En désignant dans sa lutte contre l’islam politique un groupe particulier, la France a rejoint en réalité les pays musulmans qui luttent contre des groupes politico-religieux particuliers et non contre l’islam politique lui-même et cela a été le cas dès les premiers califes. Quant à la raison, ils pratiquent eux-mêmes un islam qui est en même temps une religion et une politique. L’islam, en tout cas l’islam officiel celui qui est revendiqué par les autorités religieuses et politiques, n’a pas fait sa réforme qui le séparerait de sa dimension politique. Le fait que la France, dans sa lutte contre l’islamisme, désigne les Frères musulmans, c’est-à-dire un groupe particulier, est pour moi une reconnaissance de sa part de son échec face à l’islam politique.
Je voudrais souligner l’ambiguïté avec laquelle le rapport utilise le terme « islamisme ». S’il l’utilise dans le sens qu’on lui a attribué au XXe siècle, c’est-à-dire comme un « islam politique », l’expression d’» islamisme politique » qui revient souvent, y compris dans le titre du rapport, est une redondance. S’il l’utilise dans le sens qu’on lui a donné au XVIIIe siècle, c’est-à-dire comme un équivalent du terme « islam », pourquoi parle-t-il à plusieurs reprises, en dénonçant les Frères musulmans, d’« islamisme » seulement ?

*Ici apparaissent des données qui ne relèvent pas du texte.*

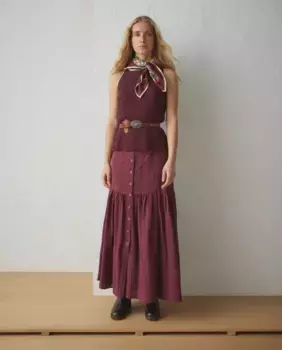 Юбка с фактурной полоской Lloyd's, баклажановый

Le Figaro : Pensez-vous que la lutte contre l’islam politique et les Frères musulmans passe nécessairement par le développement d’une « islamologie contemporaine », comme le souhaitent les rapporteurs ? Cela ne risque-t-il pas d’islamiser un peu plus le pays, et donc d’accomplir le projet des Frères musulmans ?
Razika Adnani : Il faudrait qu’on se mette d’accord sur ce que signifie « l’islam politique ». L’islam politique est un islam qui fait de la politique. Or, l’islam porte en lui une dimension qui concerne l’organisation de la société, autrement dit une dimension politique, qui remonte à la période prophétique et précisément celle de Médine ( 622- 632). Elle a été consolidée par les califes et les religieux après la mort du prophète. Voilà pourquoi la fin de l’islam politiquen’arrivera que si l’islam se sépare de sa dimension politique. Il s’agit là encore d’une question de logique. Cette séparation passera nécessairement par un travail au sein de l’islam, comme je le dis dans mon ouvrage « Sortir de l’islamisme ». Maintenant qu’un État décide de lutter contre une forme d’islamisme ou un groupe islamiste, c’est son droit. Cependant, il ne peut pas prétendre qu’il lutte contre l’islamisme en tant que tel et qu’il va mettre fin à l’islam politique.
C’est la raison pour laquelle j’appelle depuis des années maintenant à réformer l’islam, réforme évidemment orientée vers l’avenir et non tournée vers le passé. Cette réforme ne concerne pas seulement l’islam en France ou de France, mais l’islam tout court, c’est-à-dire l’islam en tant que religion, comme je l’ai dit lors de mon audition par la commission d’enquête sur les Frères musulmans. Quand je parle de la nécessité de réformer l’islam, je pense également à l’Afghanistan, à l’Iran, à la Syrie, à la Lybie, à l’Irak et à d’autres pays qui sont menacés par l’islamisme le plus extrémiste et le plus totalitaire et notamment aux femmes qui vivent dans ces pays.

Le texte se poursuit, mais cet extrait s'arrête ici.